Chron: Bipartisan legislation seeks to expand geothermal energy
A top ranking Republican and Democrat have introduced legislation to speed up the development of power plants powered by underground hot springs.
The bipartisan effort comes as politicians look to expand America's geothermal sector, which has largely languished to date, to help reduce reliance on fossil fuels and combat climate change.
"Geothermal is a highly reliable, zero-emission resource able to provide both heat and power almost anywhere,” said Sen. Lisa Murkowski, R-Alaska, chair of the Senate Energy and Natural Resources Committee and co-author of the bill.
The bill, introduced Wednesday, would expand research into the energy technology and make changes to the permitting process for plants, which must be located above hot water reservoirs with temperatures reaching as high as 700 degrees.

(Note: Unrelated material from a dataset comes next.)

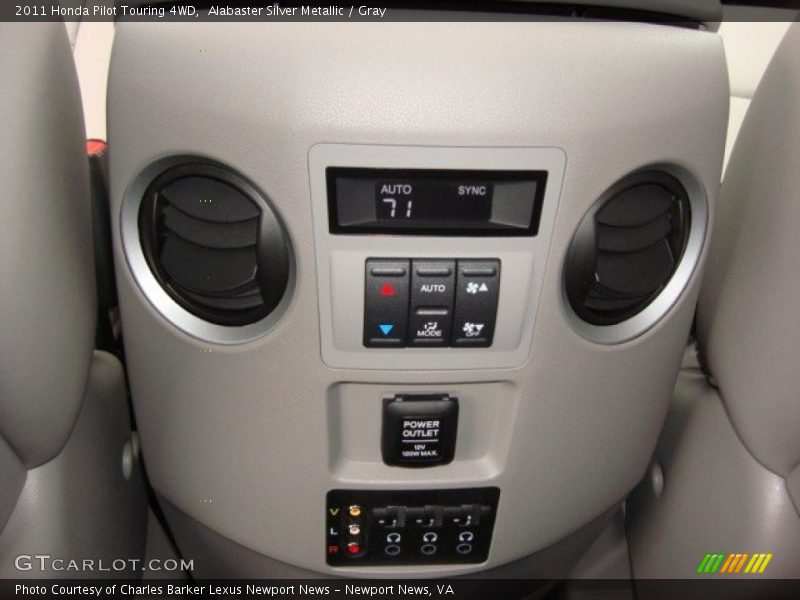 Controls of 2011 Pilot Touring 4WD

According to a 2011 report by the U.S. Energy Information Administration, the United States has such reservoirs in abundance, primarily in the western half of the country, including some in eastern and South Texas.
But high costs drive away many developers. Right now U.S. geothermal capacity is only 2,600 megawatts, or .2 percent of the power grid, with most of those facilities located in California.
The Department of Energy estimates that with government intervention by 2050 the United States could have 60,000 megawatts of geothermal capacity.
Sen. Joe Manchin, D-W.V, ranking member on the energy committee and co-author of the bill, said the bill would support research that seeks to, "identify and explore deeper or lower temperature resources and illustrate that geothermal can work anywhere."